> Aim of the task
From the entries below, return exactly the lines beginning at the one that contains "INSAUTO front view" and ending at the one that contains "Load image into", both of them included, and only those lines.

> Records provided
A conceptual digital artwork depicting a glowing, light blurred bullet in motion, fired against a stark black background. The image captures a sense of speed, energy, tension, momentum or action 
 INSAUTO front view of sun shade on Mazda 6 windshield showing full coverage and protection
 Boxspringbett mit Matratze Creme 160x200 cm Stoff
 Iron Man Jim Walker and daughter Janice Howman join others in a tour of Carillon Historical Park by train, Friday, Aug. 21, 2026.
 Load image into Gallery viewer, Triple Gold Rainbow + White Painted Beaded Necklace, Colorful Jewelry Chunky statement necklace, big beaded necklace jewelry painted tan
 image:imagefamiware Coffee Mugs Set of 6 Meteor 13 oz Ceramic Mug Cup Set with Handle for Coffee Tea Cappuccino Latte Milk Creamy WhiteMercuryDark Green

> Solution for this task
 INSAUTO front view of sun shade on Mazda 6 windshield showing full coverage and protection
 Boxspringbett mit Matratze Creme 160x200 cm Stoff
 Iron Man Jim Walker and daughter Janice Howman join others in a tour of Carillon Historical Park by train, Friday, Aug. 21, 2026.
 Load image into Gallery viewer, Triple Gold Rainbow + White Painted Beaded Necklace, Colorful Jewelry Chunky statement necklace, big beaded necklace jewelry painted tan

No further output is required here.